### RECORDS FOR THE EXERCISE
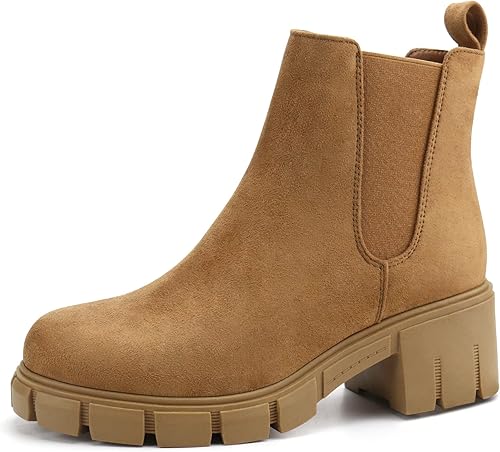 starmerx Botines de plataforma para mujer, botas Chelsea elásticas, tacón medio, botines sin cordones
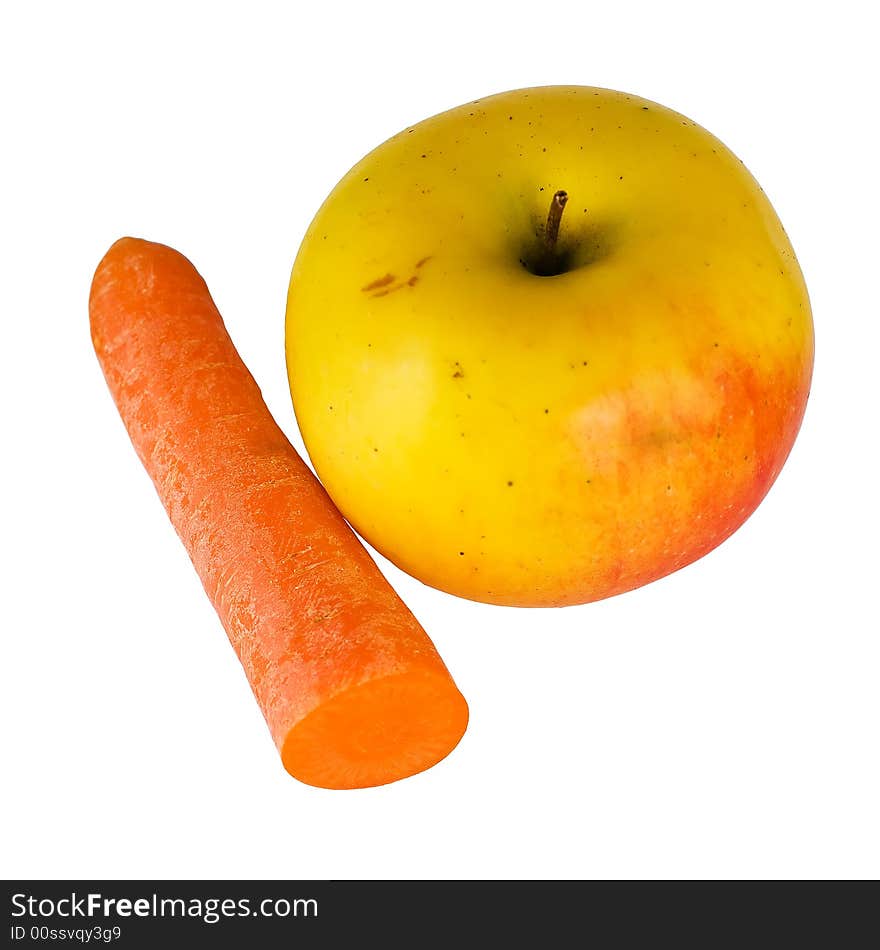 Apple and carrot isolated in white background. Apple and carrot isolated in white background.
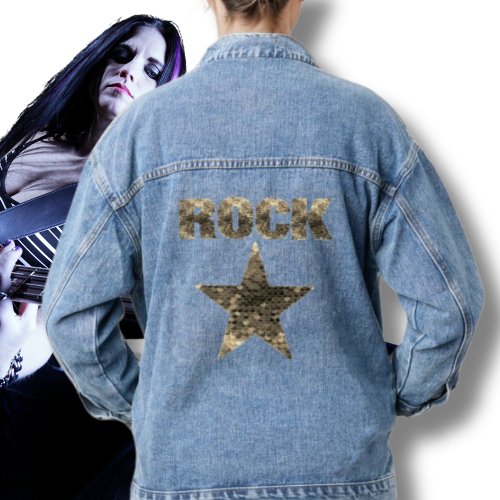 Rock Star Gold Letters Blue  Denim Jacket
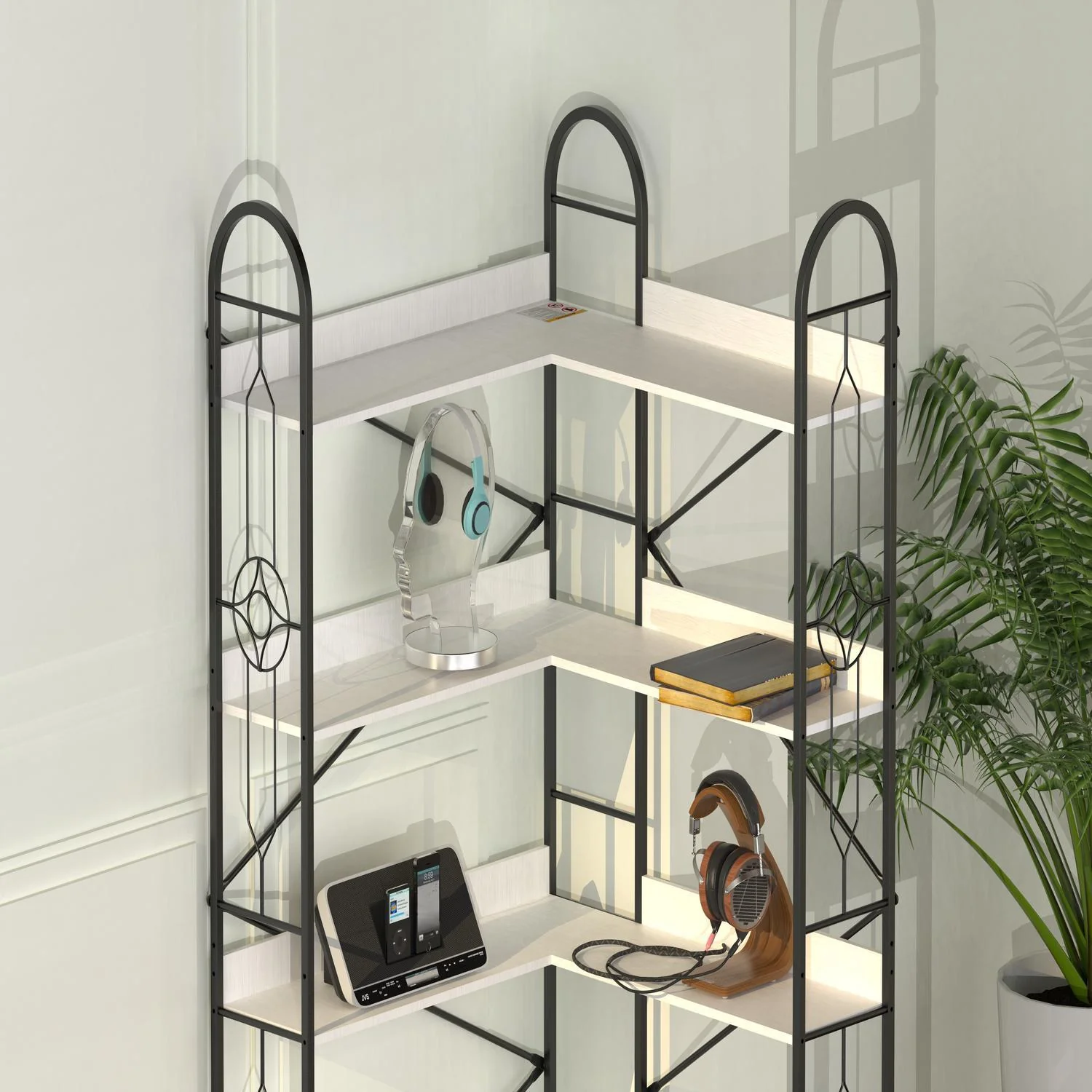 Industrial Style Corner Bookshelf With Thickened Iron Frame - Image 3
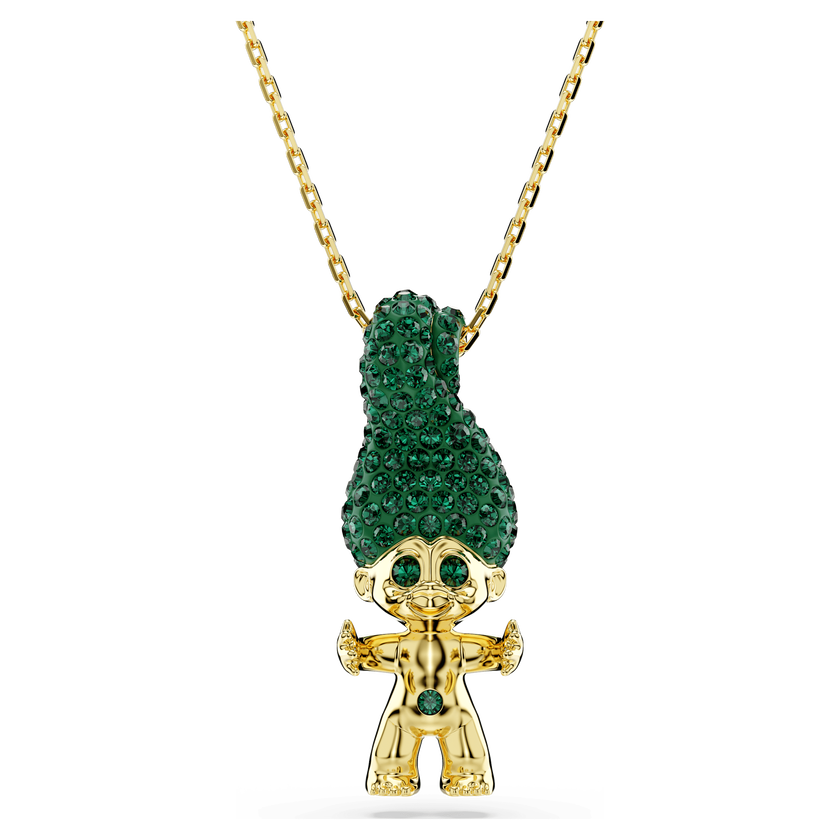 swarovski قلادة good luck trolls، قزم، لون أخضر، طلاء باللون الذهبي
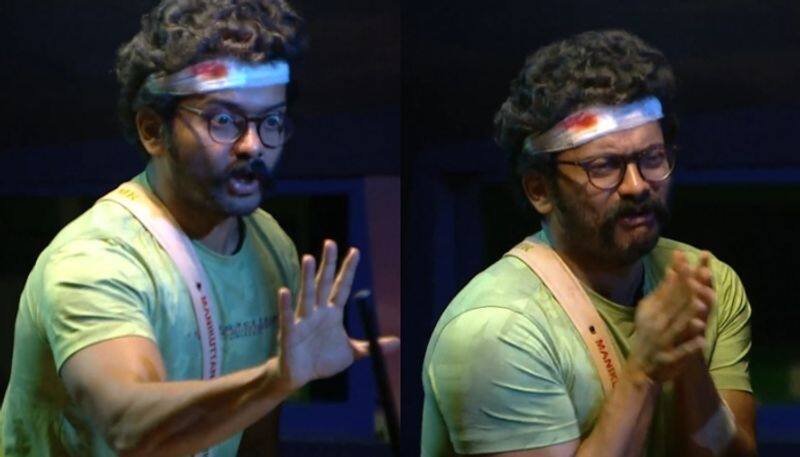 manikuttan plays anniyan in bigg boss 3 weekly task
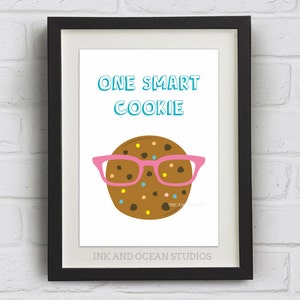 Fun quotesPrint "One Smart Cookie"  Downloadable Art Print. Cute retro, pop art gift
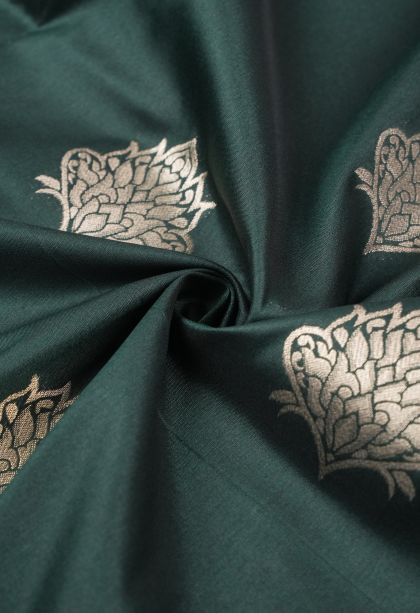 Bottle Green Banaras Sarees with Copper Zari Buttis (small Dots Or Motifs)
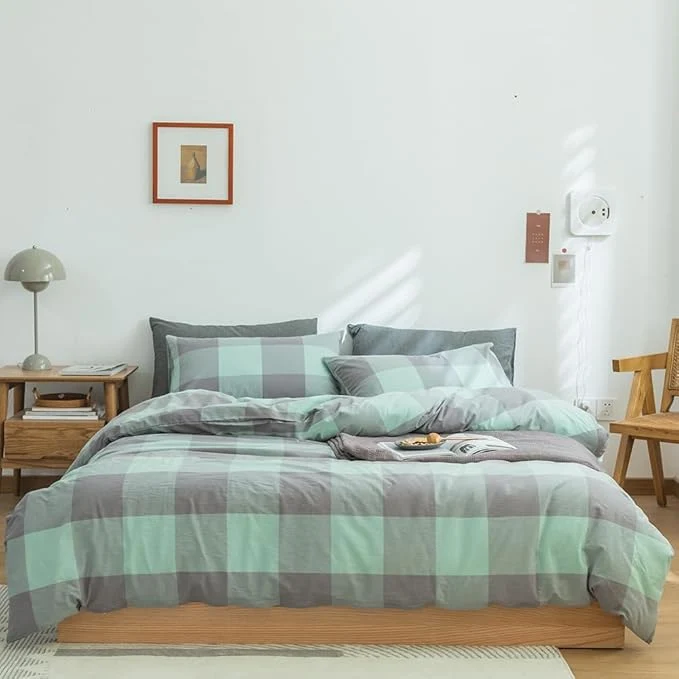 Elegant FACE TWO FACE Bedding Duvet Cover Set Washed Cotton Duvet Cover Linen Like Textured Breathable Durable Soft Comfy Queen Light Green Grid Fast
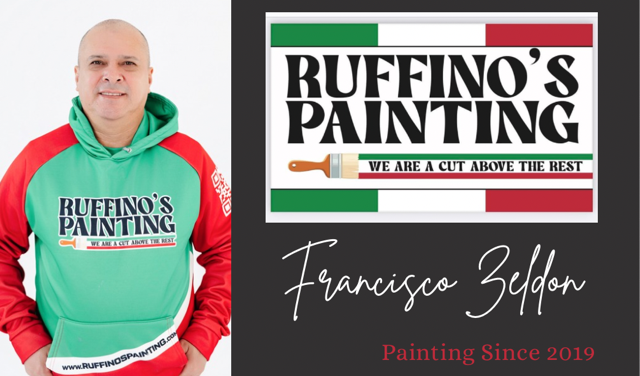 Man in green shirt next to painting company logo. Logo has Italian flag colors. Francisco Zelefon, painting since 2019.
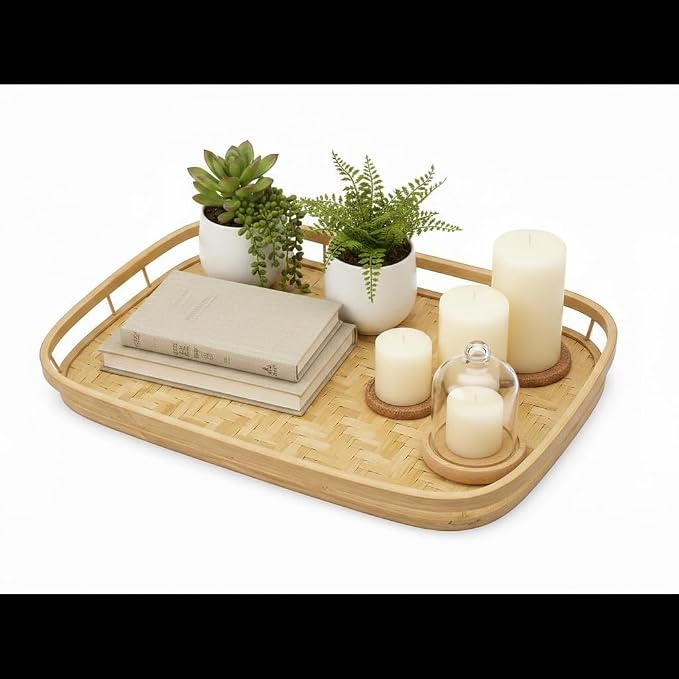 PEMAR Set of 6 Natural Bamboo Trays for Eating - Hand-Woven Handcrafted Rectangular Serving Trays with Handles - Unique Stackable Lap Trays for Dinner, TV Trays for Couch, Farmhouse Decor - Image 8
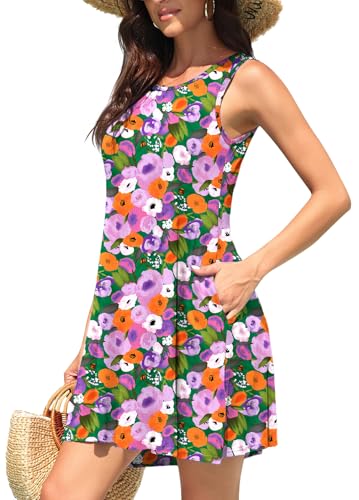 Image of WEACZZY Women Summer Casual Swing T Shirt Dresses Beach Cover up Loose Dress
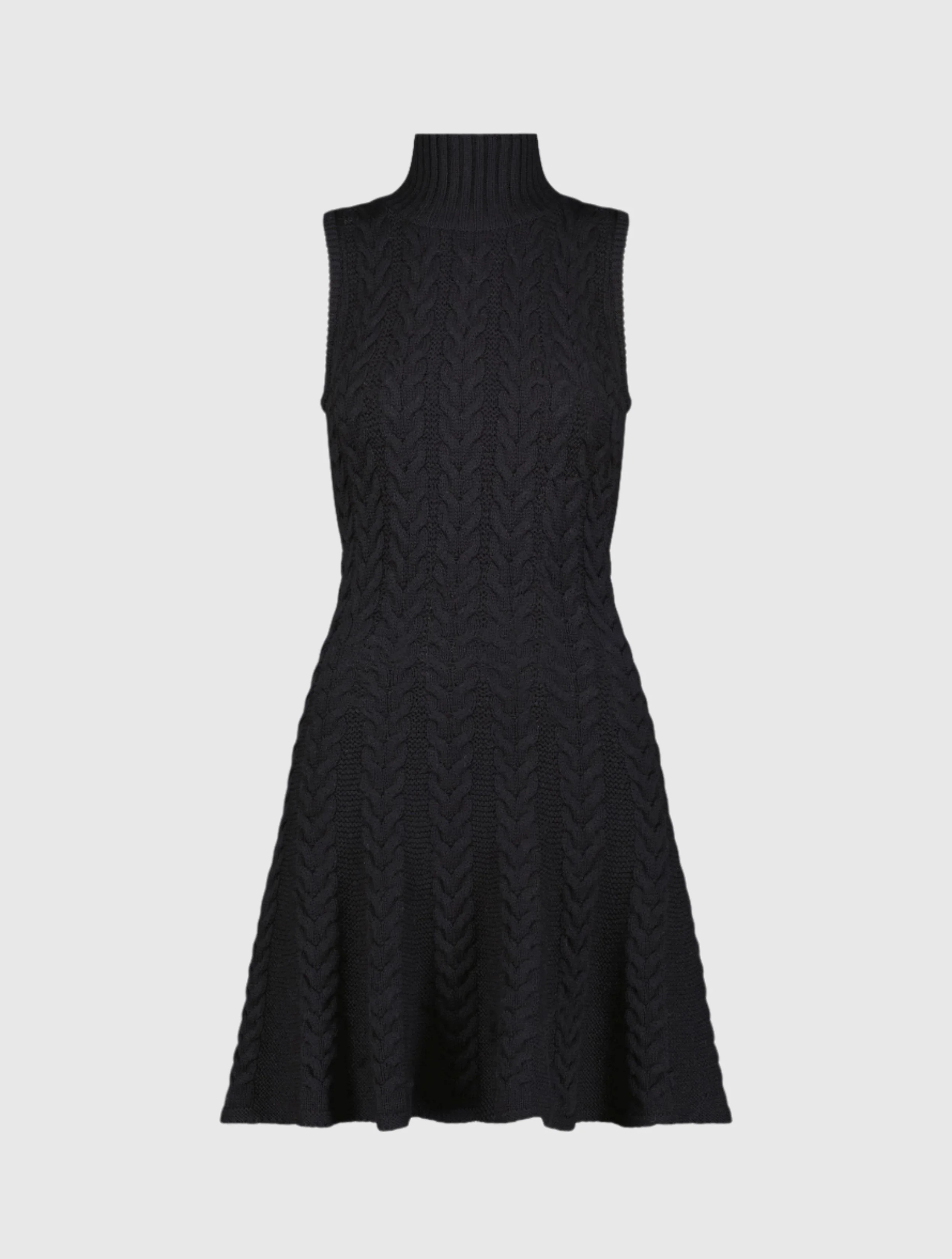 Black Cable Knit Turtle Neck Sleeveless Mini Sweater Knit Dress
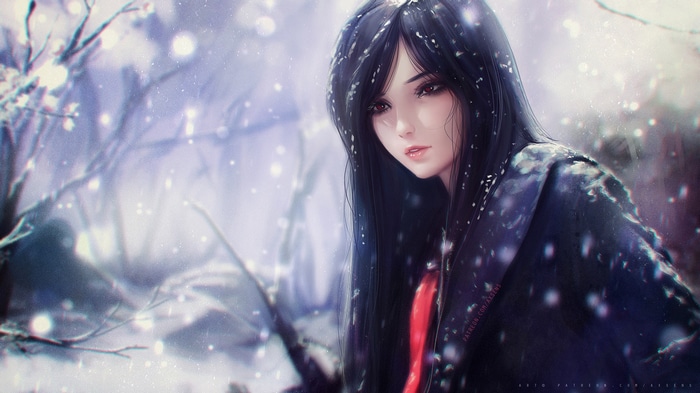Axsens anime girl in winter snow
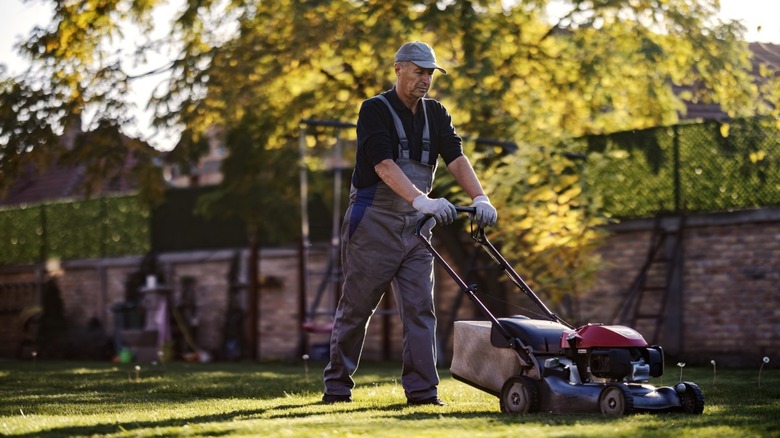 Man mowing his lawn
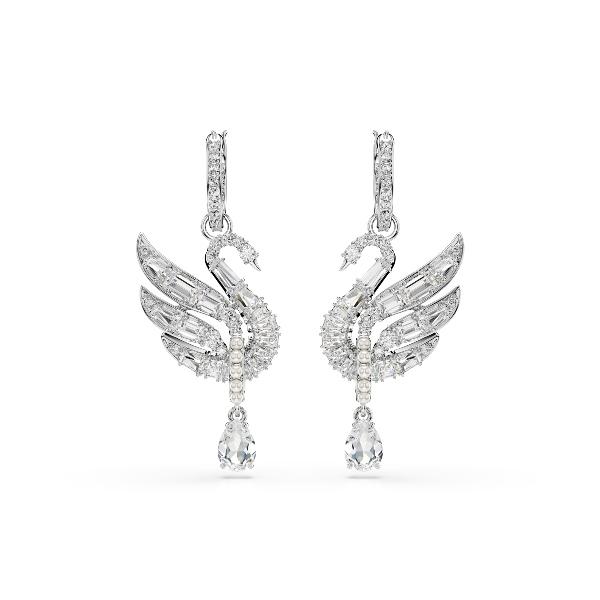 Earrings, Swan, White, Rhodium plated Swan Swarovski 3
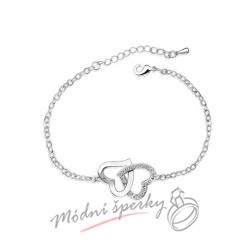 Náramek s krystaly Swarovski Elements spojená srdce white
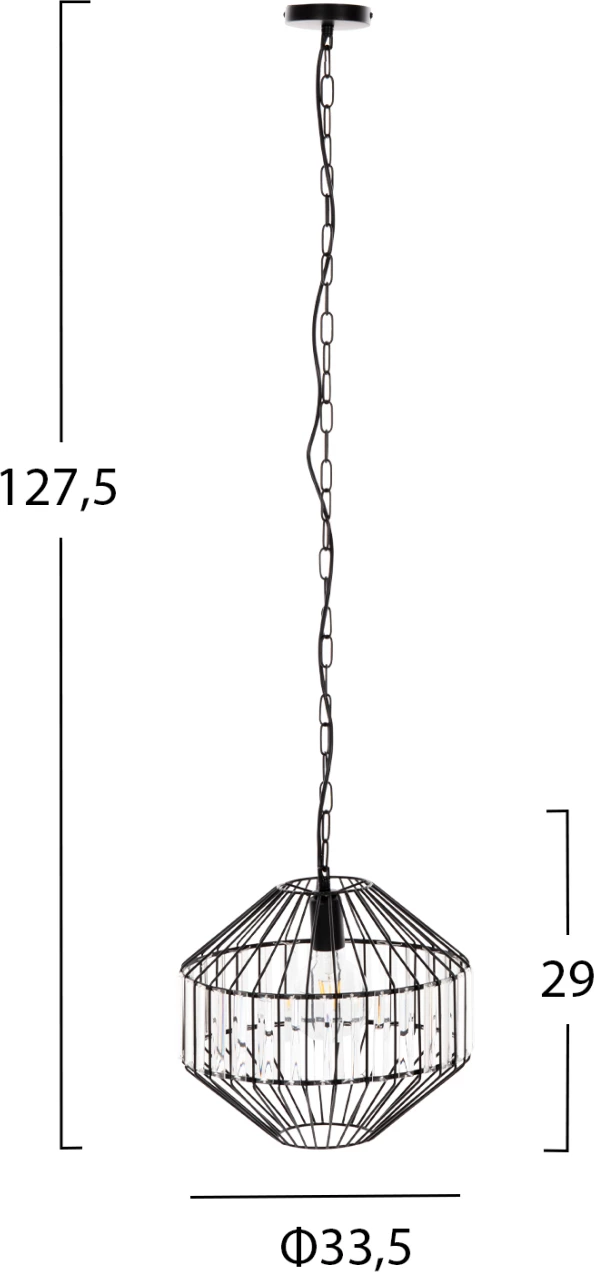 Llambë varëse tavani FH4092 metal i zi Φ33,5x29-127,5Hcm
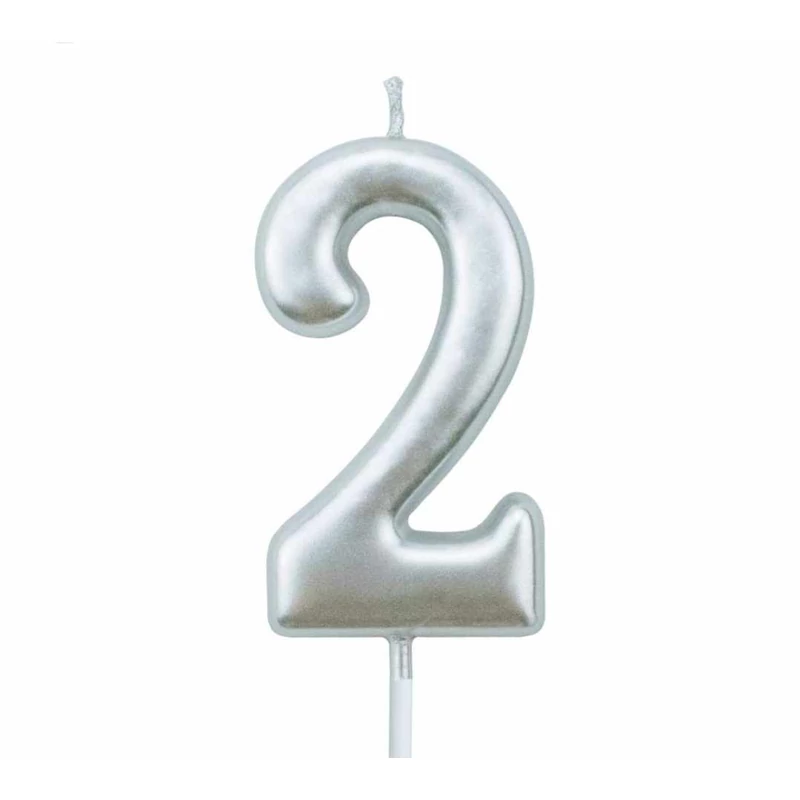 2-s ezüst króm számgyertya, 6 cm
######
The records above are to be copied exactly, without their pictures.

_PROBLEM SOLUTION_:
 starmerx Botines de plataforma para mujer, botas Chelsea elásticas, tacón medio, botines sin cordones
 Apple and carrot isolated in white background. Apple and carrot isolated in white background.
 Rock Star Gold Letters Blue  Denim Jacket
 Industrial Style Corner Bookshelf With Thickened Iron Frame - Image 3
 swarovski قلادة good luck trolls، قزم، لون أخضر، طلاء باللون الذهبي
 manikuttan plays anniyan in bigg boss 3 weekly task
 Fun quotesPrint "One Smart Cookie"  Downloadable Art Print. Cute retro, pop art gift
 Bottle Green Banaras Sarees with Copper Zari Buttis (small Dots Or Motifs)
 Elegant FACE TWO FACE Bedding Duvet Cover Set Washed Cotton Duvet Cover Linen Like Textured Breathable Durable Soft Comfy Queen Light Green Grid Fast
 Man in green shirt next to painting company logo. Logo has Italian flag colors. Francisco Zelefon, painting since 2019.
 PEMAR Set of 6 Natural Bamboo Trays for Eating - Hand-Woven Handcrafted Rectangular Serving Trays with Handles - Unique Stackable Lap Trays for Dinner, TV Trays for Couch, Farmhouse Decor - Image 8
 Image of WEACZZY Women Summer Casual Swing T Shirt Dresses Beach Cover up Loose Dress
 Black Cable Knit Turtle Neck Sleeveless Mini Sweater Knit Dress
Axsens anime girl in winter snow
 Man mowing his lawn
 Earrings, Swan, White, Rhodium plated Swan Swarovski 3
 Náramek s krystaly Swarovski Elements spojená srdce white
 Llambë varëse tavani FH4092 metal i zi Φ33,5x29-127,5Hcm
 2-s ezüst króm számgyertya, 6 cm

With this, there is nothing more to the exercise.